Even with a limited budget, you can still get that wow factor. We're here to show you how.
This seems so obvious, but it's usually mis-used or completely under-utilized.
Instead of giving guests the vague assignment of bringing "dessert" or "wine," get specific. Like, really specific. Specific as in, "please bring two bottles of Cabernet Sauvignon." Or, "please make your killer guacamole – enough for 15 people." Or, "please bring three pounds of bagged ice."
PS – the only way you're going to be able to get what you need and want, is to know what you need and want. That means taking some time to create a game plan, writing out a list of who's coming, and what you need to get this party off the ground.
Cheese boards, seafood, and pre-made, ready-to-bake hors d'oeuvres can get really pricey. Or worse yet, if you decide to splurge on these items but not fully commit (think of that frozen, smelly, grocery-store shrimp ring), it can look cheap and lacklustre.
You're better off to skip it all together and go with tasty, yet value-driven, crowd pleasing snacks.
Items like steamed and salted edamame, dips with artisan bread, hummus and vegetables, devilled eggs, and gougères are all easy to make and can feed a party for only a few bucks per item.
Consider the timing of your soirée. Hosting a party outside of meal times means you can get away with less food, so start your shindig after 7pm. Or, if you really want to feed people, a terrific budget-friendly option is brunch. Mimosas, coffee and frittatas are elegant, yet inexpensive.
Lower the Bar
Alcohol can blow the budget off any bash, so skip the wide range of offerings.
If you want to stretch your dollar, but not look like a cheapskate, serve punches and pitcher drinks like sangria, where you can get away with using a (quality) inexpensive wine or spirit base, and stretch it out with juices, sodas or fruit.
Divide Decor and Conquer
The right lighting, tablescapes, and music can elevate your event.... And the wrong elements can completely flatten it.

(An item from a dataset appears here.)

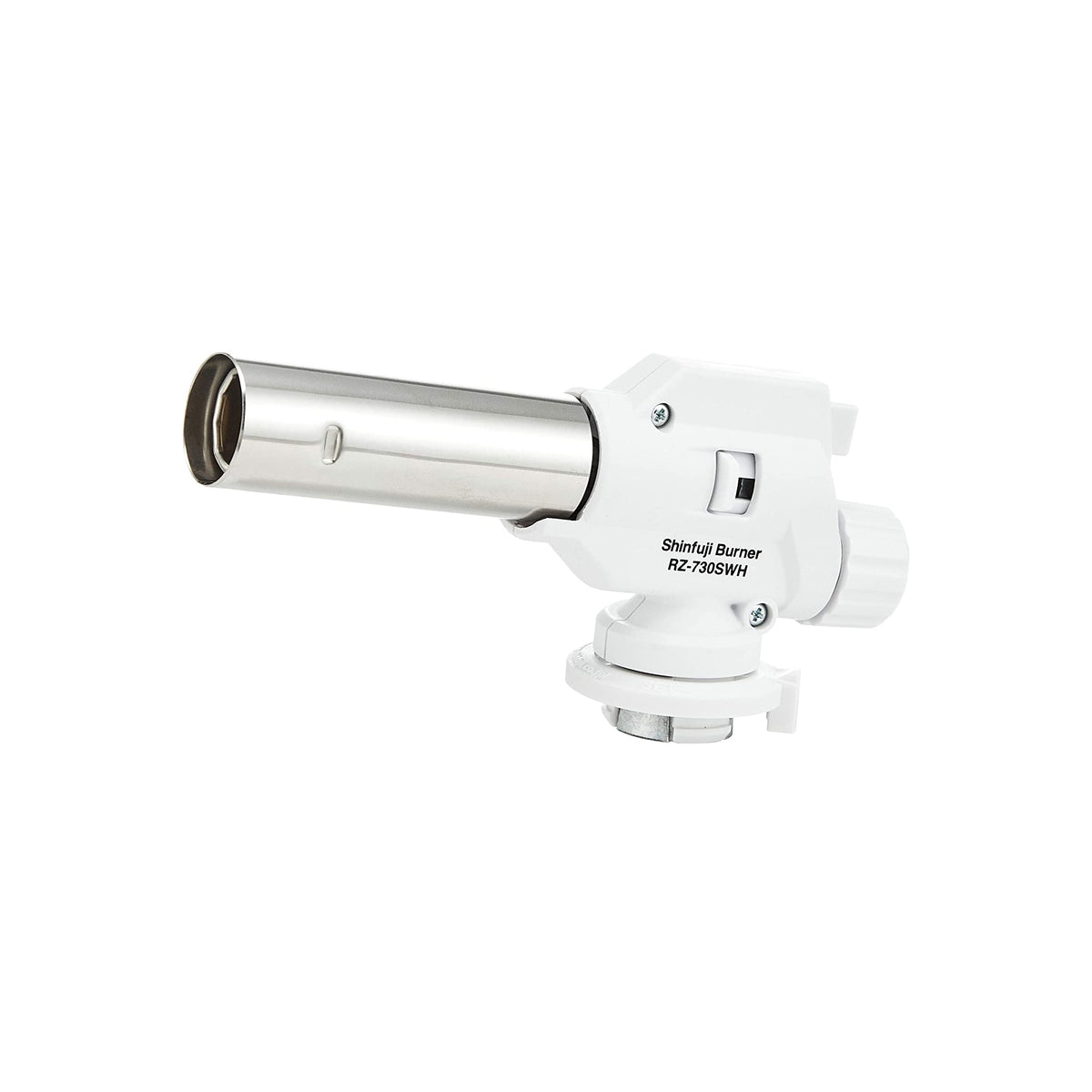 SHINFUJI Power Blow Culinary Torch Burner, Adjustable Flame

Repurpose what you already have: cut flowers from your garden, or use fresh herbs or seasonal fruit for centre pieces.
Borrow from friends to fill in the gaps of what you may be missing from your own inventory: pitchers, vases, Christmas lights, candle holders. Whatever you need that will work in your space and with your theme.
Have a little fun exploring thrift, craft, and dollar stores. Let you imagination run a little wild and think about repurposing items for another use – maybe that ornate picture frame can become a plate charger, or a bright flower pot can be used as a salad bowl. Unexpected pieces can be conversation points and infuse a little "wow" into your party.
Plan and Budget
We've saved the most boring and least exciting point for last.
No matter what, if you're hosting a crowd, you will have to pony up some cash. But, a little preparation and planning can help ease the burn on your wallet.
First of all, rarely do your soirées come out of the blue. Birthdays, holidays, graduations, and anniversaries all come with a bit of warning (New Year's Eve is always on December 31st), so if you're going to host a gathering to mark such an occasion, start figuring things out a few months in advance.
We have private clients who we meet with a few times a year to go over their social calendar and plan out the wines they will want for each occasion – not only does it allow for proper budgeting, it saves a ton of last-minute stress.
By giving yourself a bit of time to figure out what you're going to do and what you'll need, you can save up and budget accordingly so you can pull off a fabulously stress-free party – on budget.